*REQUIRED ACTION:*
Please copy the data below exactly, from its first line through the line holding "Transition mode is", and skip the pictures.

Collected data:
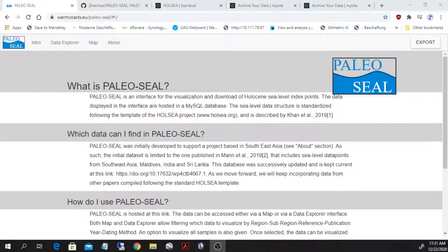Hello, what I am introducing today is a tool called PaleoSeal that we developed in the framework of the Seas Change Project funded by the German Science Foundation.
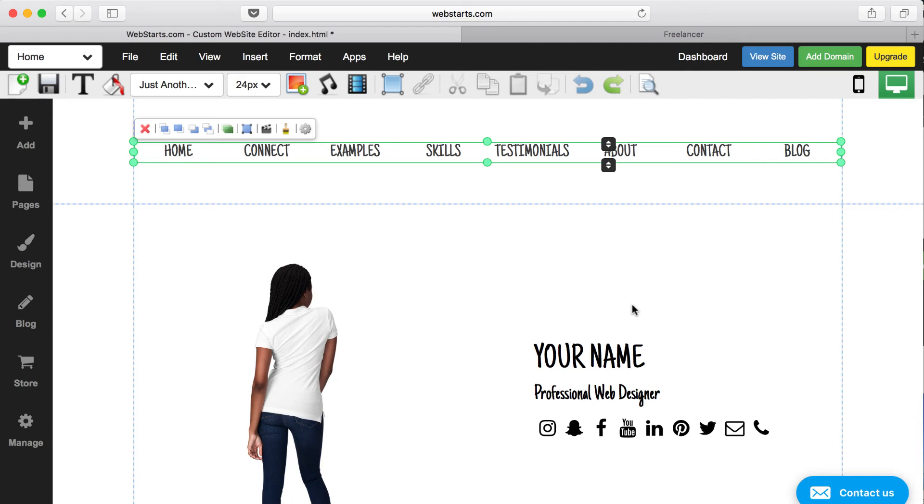If you have, for example, a domain name that you registered at a company like GoDaddy and you want to connect it with your WebStarts website, normally that process can be a little bit confusing. We're going to hold your hand and walk you through that. We're going to help you get that connected.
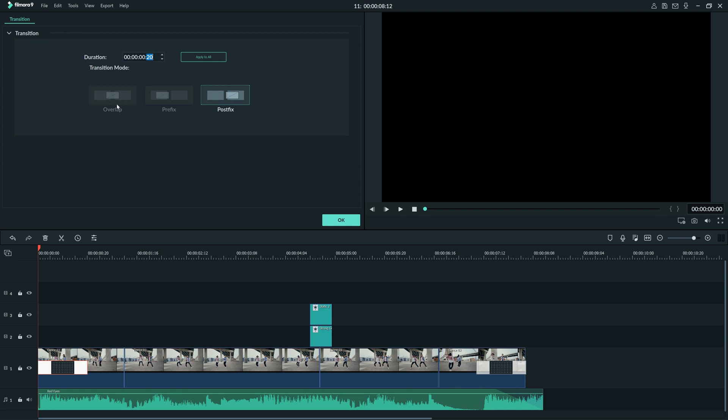Transition mode is based on where your clip is placed. An overlap is a transition occurring over the end of one clip and the start of another. A prefix will have the transition occurring before the cut, and a postfix will play the transition after the cut.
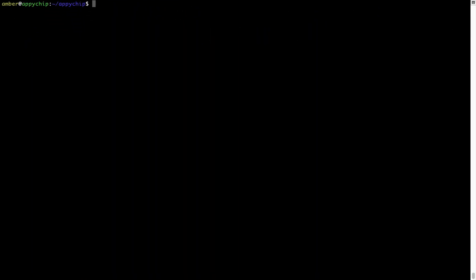Also, over time brew might consume disk space on your Mac as it keeps installers of programs in a cache directory. You can use the brew cleanup command once every 6 to 12 months to free up space. This command removes app installers and older versions of packages only — it will not uninstall any of the apps you have installed. As you can see, brew cleanup was successfully run.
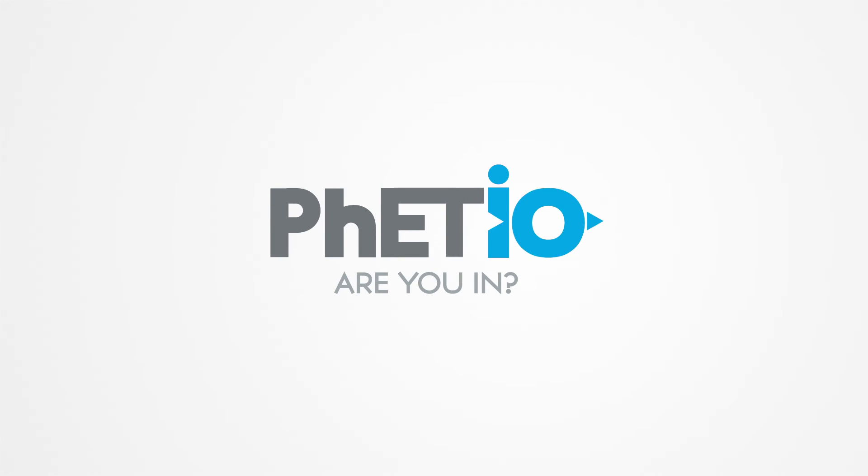How will you use PhET.IO sims? Contact us today to explore the possibilities.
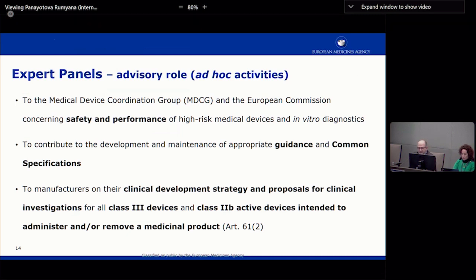Apart from mandatory activities, the expert panels have ad hoc activities in an advisory role. They advise member states through the Medical Device Coordination Group and the Commission on any issue regarding safety or performance of medical devices, contribute to guidance and common specifications, and can provide advice to manufacturers of Class III devices and Class IIB active devices intended to administer or remove a medicinal product — the same first part of Rule 12. Notably, the remit here is broader: it covers all Class III, not just implantable devices.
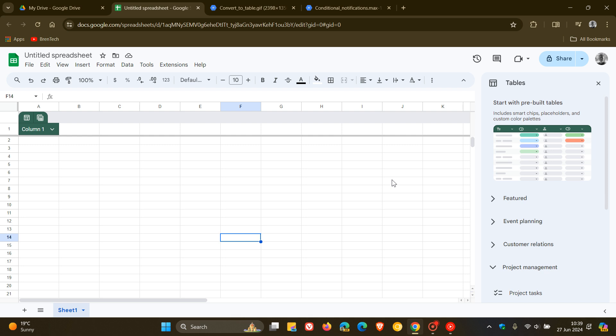It's available to all Google Workspace customers, Workspace individual subscribers, and the good news, if you are using a personal Google account like me, you should see a major performance improvement now using Sheets when it comes to those different actions like formulas and formatting and so on.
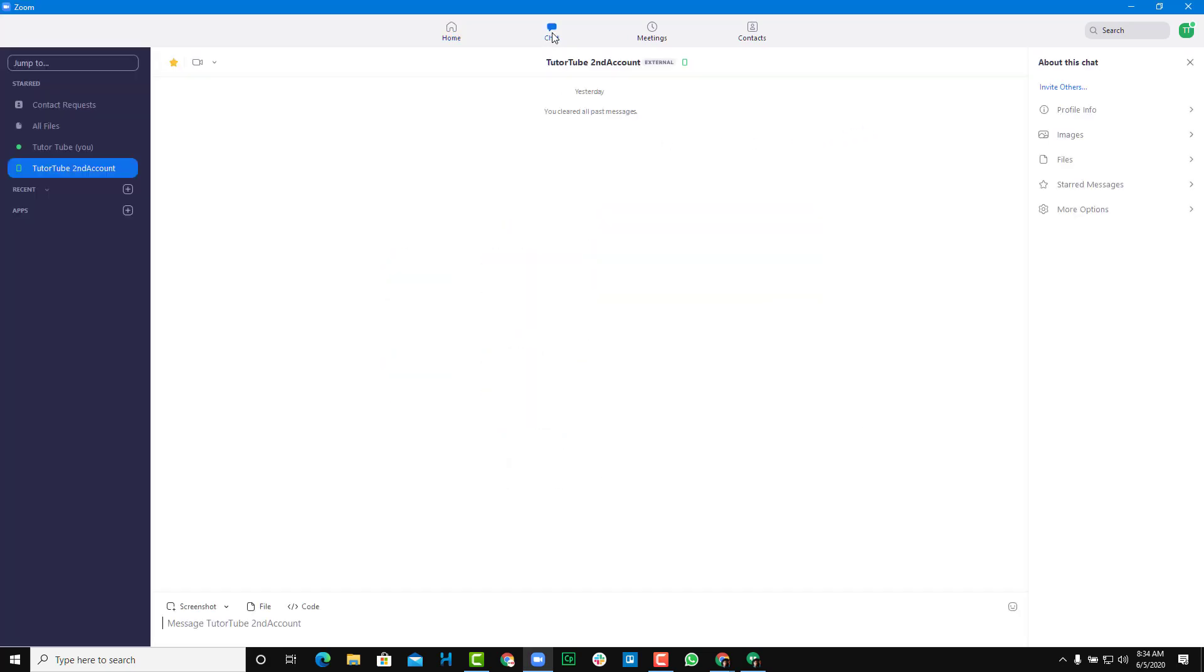Once I go to chat now, I have this option here called code, as you can see. I can see that I'm sending code regarding something to the other user.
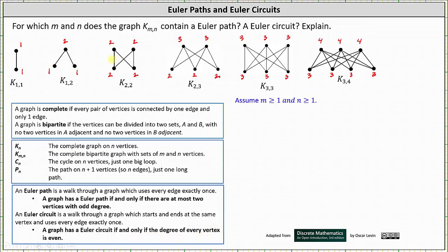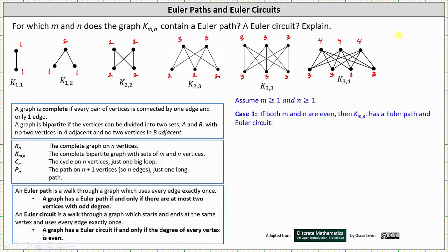We will now consider three cases. Case 1 is when both M and N are even. For example, in the graph of K sub 2 comma 2, notice all the degrees are even. If both M and N are even, then K sub M comma N has an Euler path and an Euler circuit.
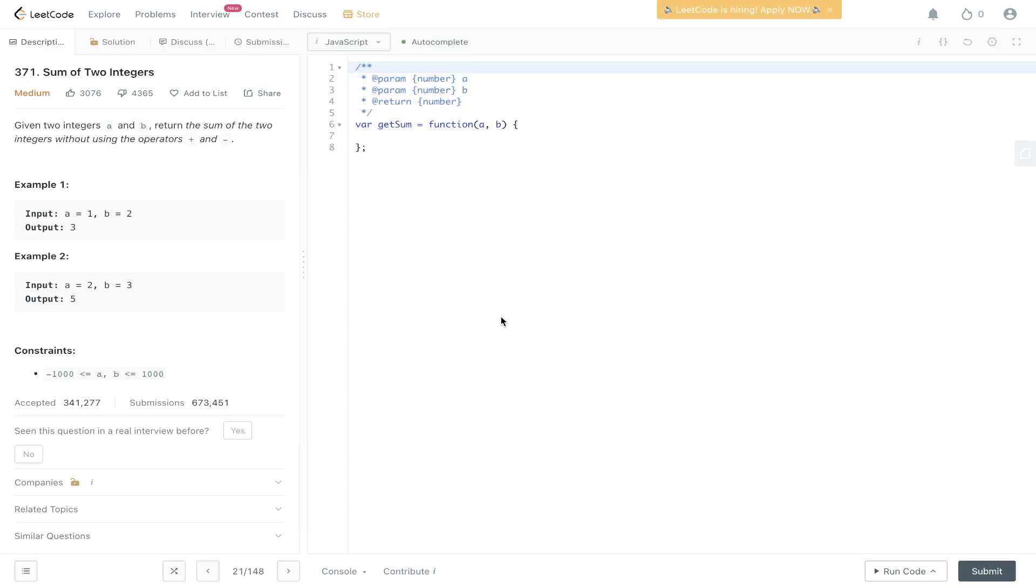Welcome back to Algo.js. Today's question is LeetCode 371: Sum of Two Integers. Given two integers a and b, return the sum of the two integers without using the operators plus and minus. Simply, we need to add a and b together without using these operators.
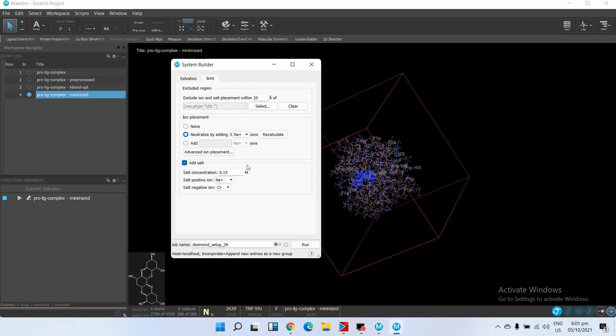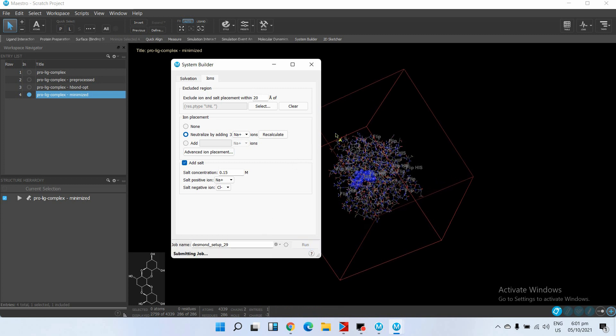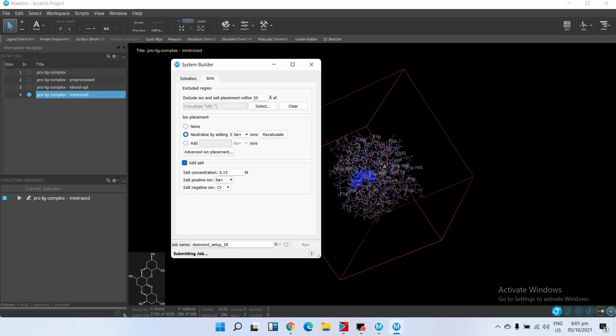After selecting these parameters, just click on Run, and System Builder will create a virtual water box around our complex.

*WRITTEN RESPONSE:*
Hello, what I am introducing today is a tool called PaleoSeal that we developed in the framework of the Seas Change Project funded by the German Science Foundation.
If you have, for example, a domain name that you registered at a company like GoDaddy and you want to connect it with your WebStarts website, normally that process can be a little bit confusing. We're going to hold your hand and walk you through that. We're going to help you get that connected.
Transition mode is based on where your clip is placed. An overlap is a transition occurring over the end of one clip and the start of another. A prefix will have the transition occurring before the cut, and a postfix will play the transition after the cut.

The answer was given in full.